I look at my wife, pacing, drinking. And I realize something. And suddenly it’s not so bad anymore. It still hurts, but in a different way.
I haven’t come back to torment Jill. Not to tear her apart or to shame her for what she’s done. She’s tearing herself apart. She doesn’t need me for that. She’d have done this terrible thing anyway, with or without my being here. She’d planned it. It was in motion. My being here didn’t stop her. My being here afterwards didn’t change things. Zoey was mine. And given who and what Jill was, what she’d done was inevitable.
And I think, to hell with Jill. Jill doesn’t matter a bit. Not one bit . Jill is zero .
It was Zoey I was here for. Zoey all along. That awful moment.
I was here for my cat.
That last touch of comfort inside the cage. The nuzzle and purr. Reminding us both of all those nights she’d comforted me and I her. The fragile brush of souls.

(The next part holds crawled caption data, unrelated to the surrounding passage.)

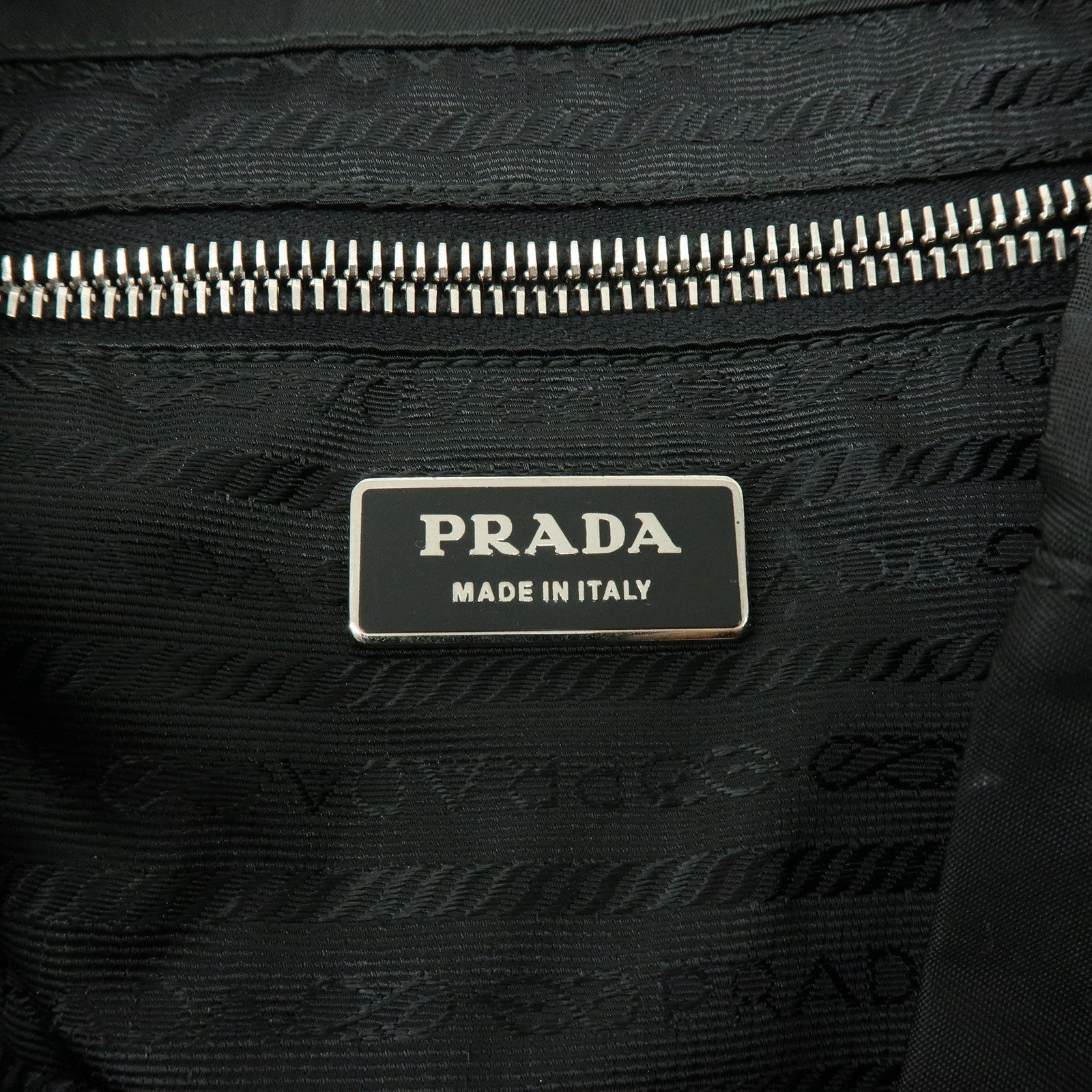 PRADA Triangle Logo Nylon Leather Backpack Rucksack Black BZ2811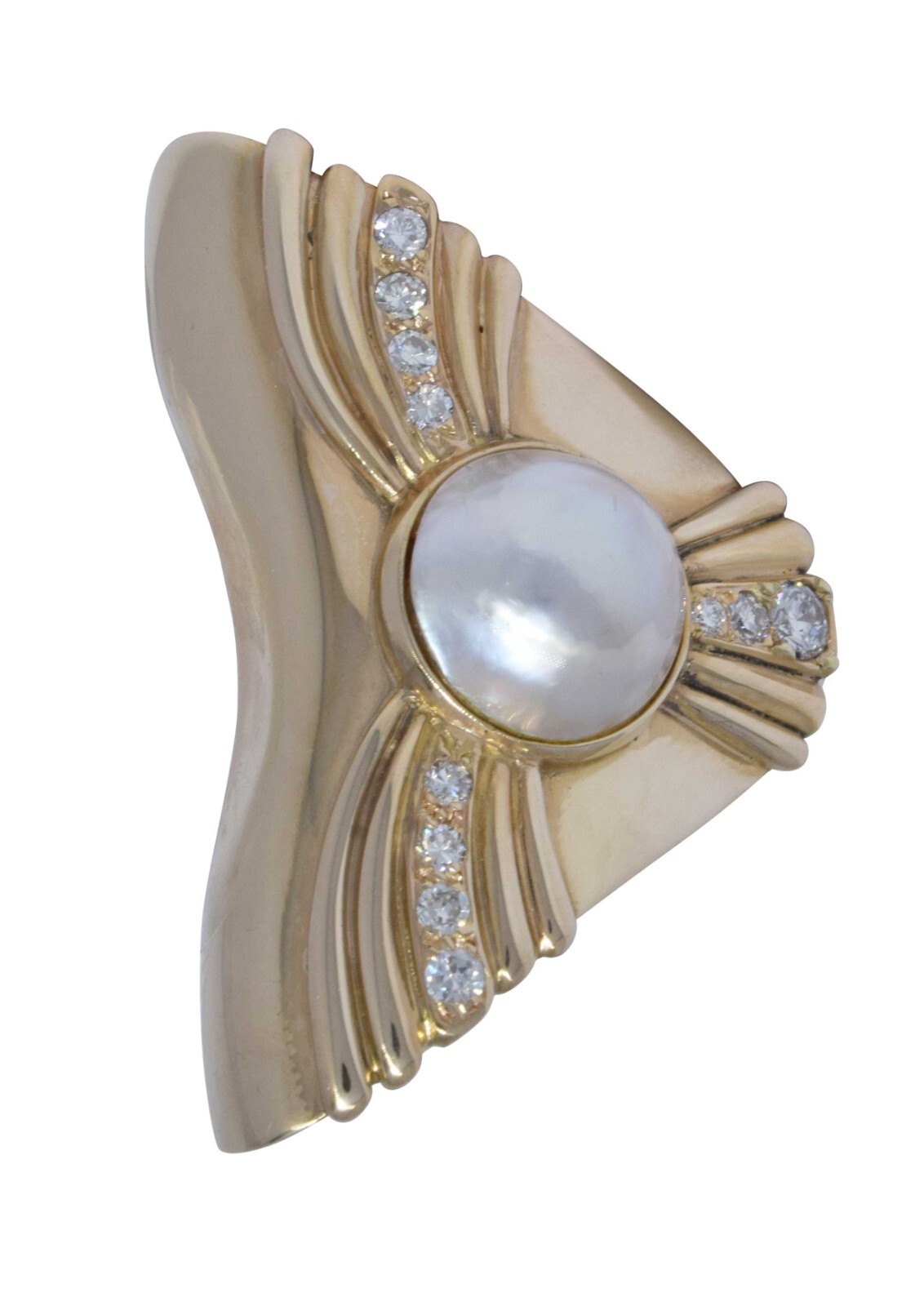 Ladies 14K Yellow Gold Pearl & Diamond Slide Ladies 14K Yellow Gold Pearl & Diamond Slide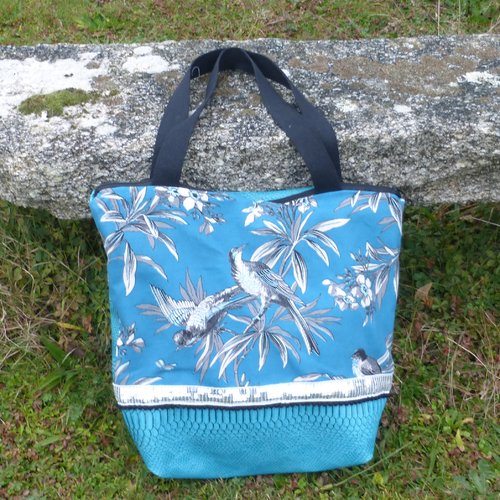 Sac cabas / sac de plage oiseau blanc bleu canard turquoise coton et simili cuir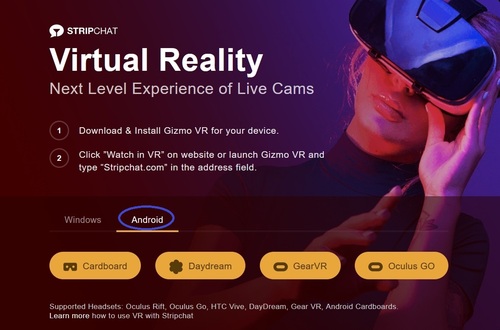 Stripchat - How to start a VR cam chat on Android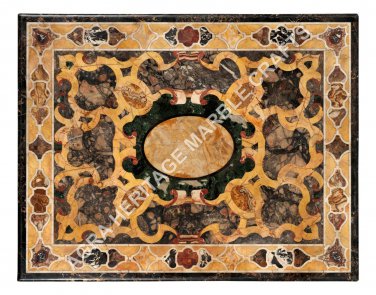 4'x2' Black Marble Dining Center Table Top Scagliola Inlay Furniture Decor H4799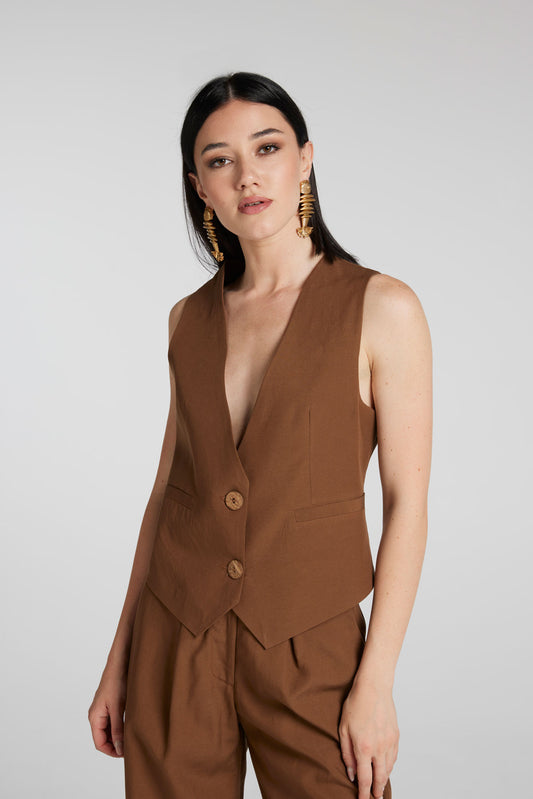 GILET SORRENTO MISTO LINO CIOCCOLATO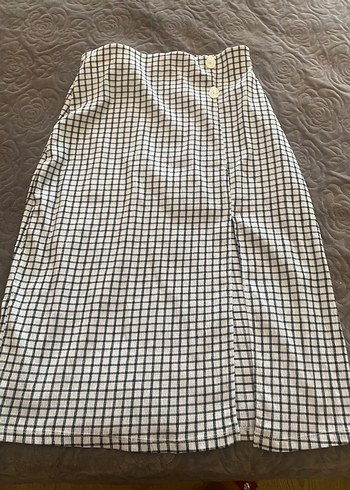 Pileli Kareli Midi  likralı Eteği Gri - Görsel 4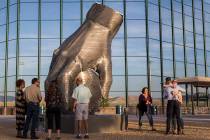 People view artist Luis Varela-Rico's sculpture "Organic Study No. 2" during a dedica ...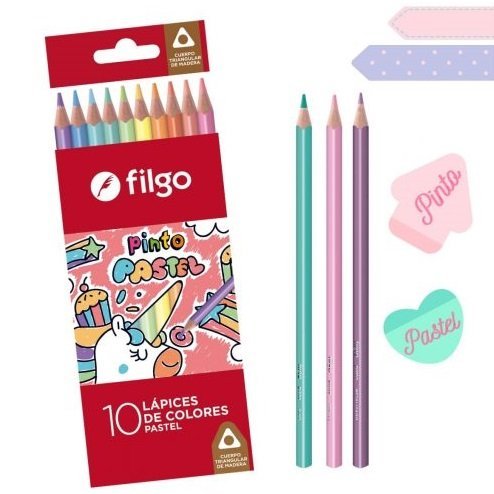 Lapices Filgo Pastel x 10 colores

That was what it was about.
That was what we needed.
The last and the best of me’s gone now.
And I begin to fade.
Reggie Oliver has been a professional playwright, actor, and theatre director since 1975. His biography of Stella Gibbons, Out of the Woodshed, was published by Bloomsbury in 1998 . Besides plays and his novel Virtue in Danger, his publications include four volumes of stories: The Dreams of Cardinal Vittorini , The Complete Symphonies of Adolf Hitler , Masques of Satan , and Madder Mysteries . An omnibus edition of his stories entitled Dramas from the Depths is forthcoming from Centipede Press. His stories have been published in Strange Tales , Shades of Darkness , Exotic Gothic , The Year’s Best Fantasy and Horror , The Black Book of Horror , and the Mammoth Book of Best New Horror.
Oliver says: “As with all of my stories, there are elements of autobiography and personal experience woven into the fabric of ‘Puss-Cat,’ though I am definitely not Godfrey in the story. He is older and much drunker than I am. On the other hand I am an actor, have worked on tour and in the West End, and did once understudy a famous theatrical knight who used to… But that would be giving the plot away.
“As for the cats, when I married my wife who is also an actress, I enthusiastically adopted her love of these wonderful animals. I am particularly interested in the way they are as attached to places as they are to people, perhaps more so. Every self-respecting theatre has its cat who is as vital to its well-being as the stage doorman or the box office manager. The theatre cat’s sense of proprietorship is quite remarkable. I remember one at a seaside repertory theatre I worked in who used to regularly saunter casually on stage during a performance, usually through the unglazed frame of a French Window; then, just as insouciantly, he would exit through the fireplace. A warm round of applause from the audience always greeted this feat. You will meet several theatre cats in this story, and one who is not quite a theatre cat.”
So, you want to know about Sir Roderick Bentley, do you? Well, you’ve come to the right department, as they say. Thank you, I’ll have a large Bell’s Whisky, if I may. Plenty of soda. Ice? Good God, no! Yes, Roddy and I went back a long way, to the Old Vic days just after the war. No. No resentment. Roddy was always destined for great things, me for the supporting roles.